Industry observers note another case from India, where the government is currently enacting legislation to protect investors. Indian minister of finance Anurag Singh Thakur stated that “unlike fiat currency, cryptocurrency is very volatile and affects investors […] We are considering ways to protect investor profits and will enact related laws”. The minister stressed that the government was considering cryptocurrency with an open mind and was taking a stance to prevent its use for money laundering or other illegal activities. In his view, cryptocurrency should not be approached from the direction of blanket bans, but from one of taking measures to protect investors.

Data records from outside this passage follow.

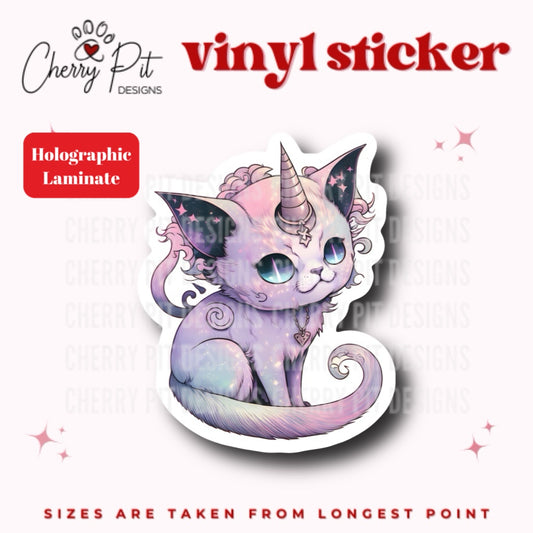 Demon Caticorn Vinyl Sticker - Holographic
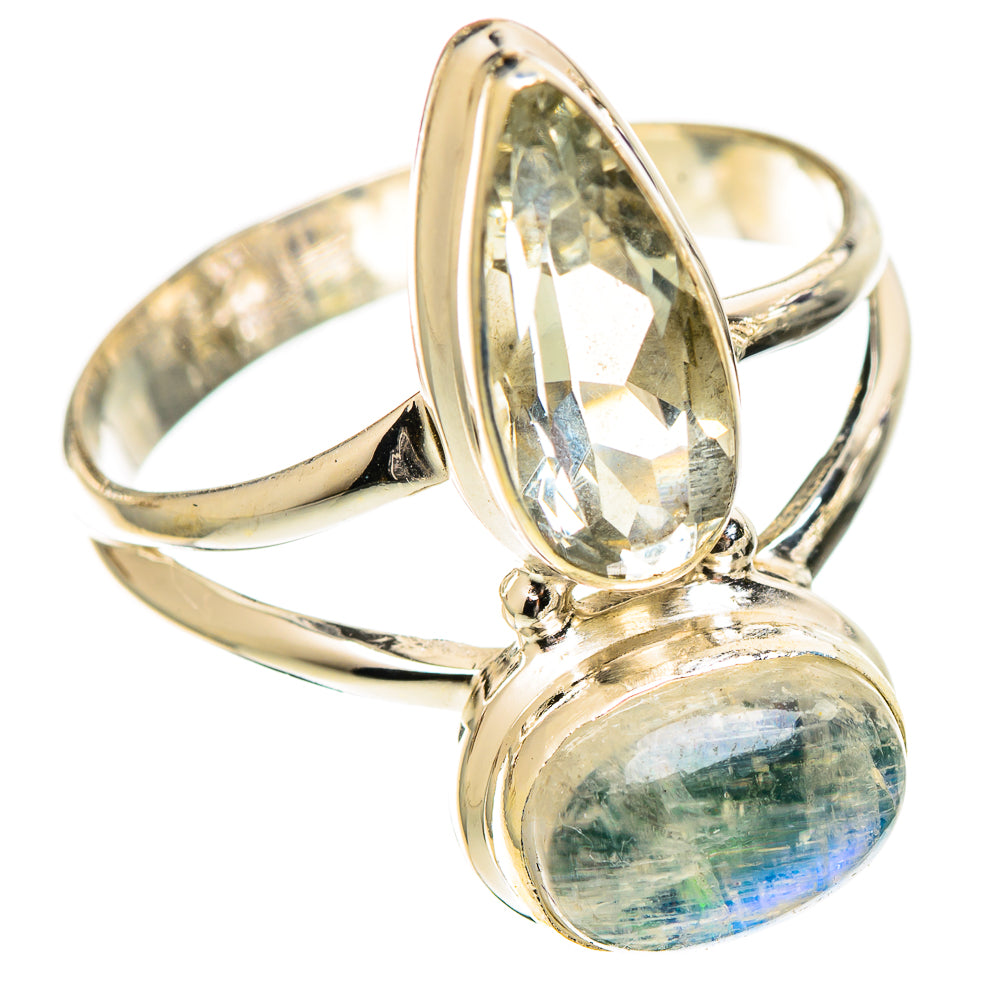 Rainbow Moonstone Rings handcrafted by Anasilvercos - RING109627 - Photo 2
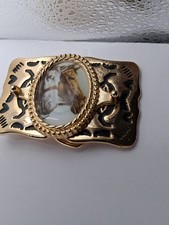 Belt Buckle 2 HORSE HEADS WHITE BROWN Gold tone NEW Western Cowboy/Cowgirl.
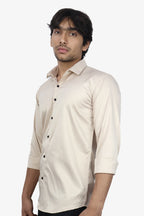 SEEK CREAM | SLIM FIT PREMIUM POLO NECK CASUAL SHIRT | ORIGENS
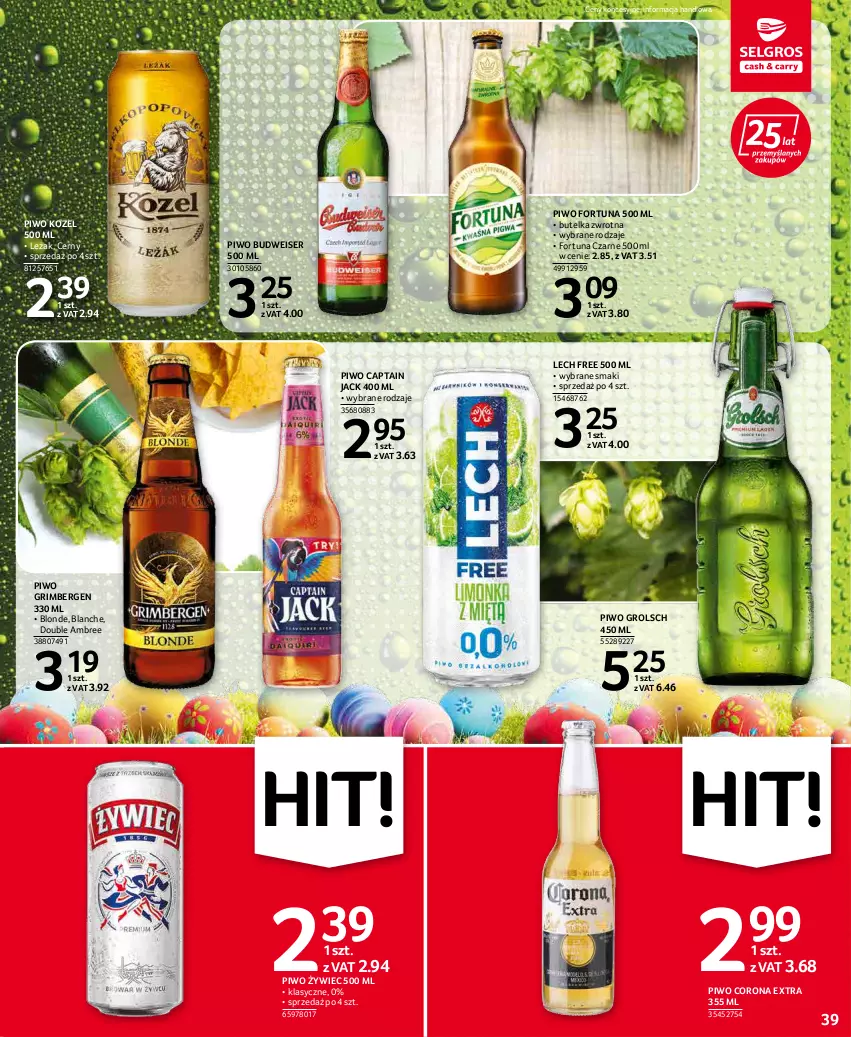 Gazetka promocyjna Selgros - Oferta spożywcza - ważna 07.04 do 16.04.2022 - strona 39 - produkty: Captain Jack, Corona Extra, Fortuna, Kozel, Piwo, Ser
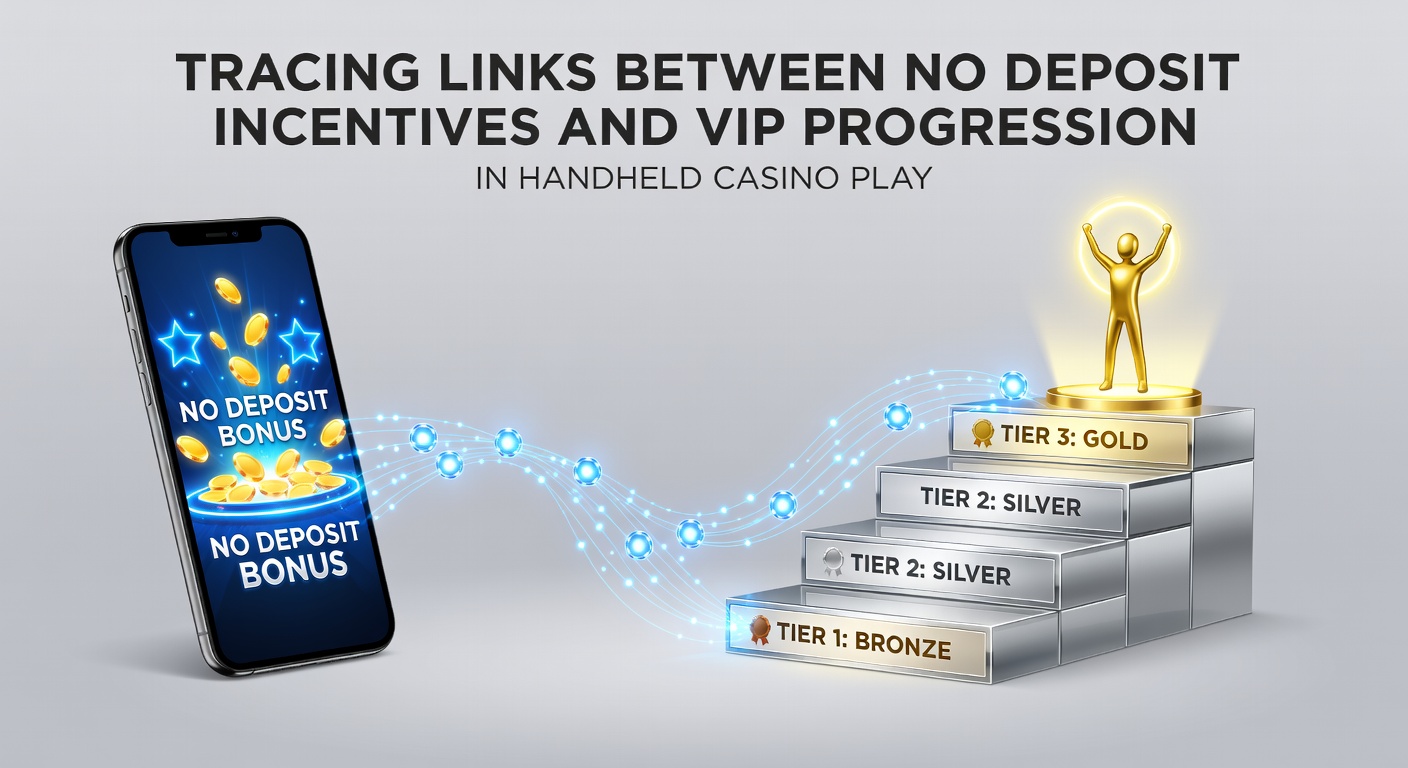 Illustration showing mobile casino interface with no-deposit bonus icons transitioning into VIP loyalty badges on a smartphone screen
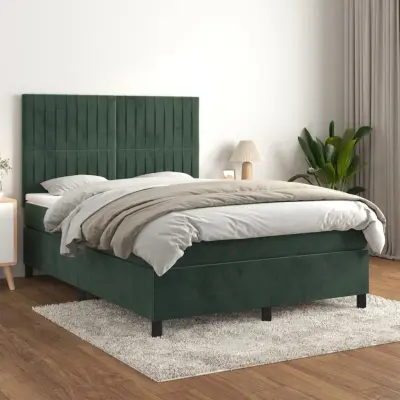 The Living Store Box spring postelja z vzmetnico temno zelen 140x190 cm žamet - Box Spring Postelja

Recently, an inter-ministerial committee was formed in India. While banning Bitcoin and other cryptocurrencies was suggested, the government decided to focus on investor protection and review the crypto market from a more positive perspective.
Some experts also welcome appropriate regulation as needed for the crypto industry. In a recent CNBC interview, CoinDesk anchor Emily Parker pointed out “Many people want the crypto market to enter the mainstream, but if it becomes mainstream, it will be easier for the crypto market to be affected by tax policy. As the market grows, regulators will inevitably become more interested.” However, she added that “because there currently is no transparency about regulations, it is unclear for companies which rules they have to follow for their crypto-related business. It is difficult for them to bear this risk and in many cases, they leave the US […] This is one major aspect that regulators will need to fix”. In this view, more transparent and clear regulations are needed for the growth and risk management of the crypto industry.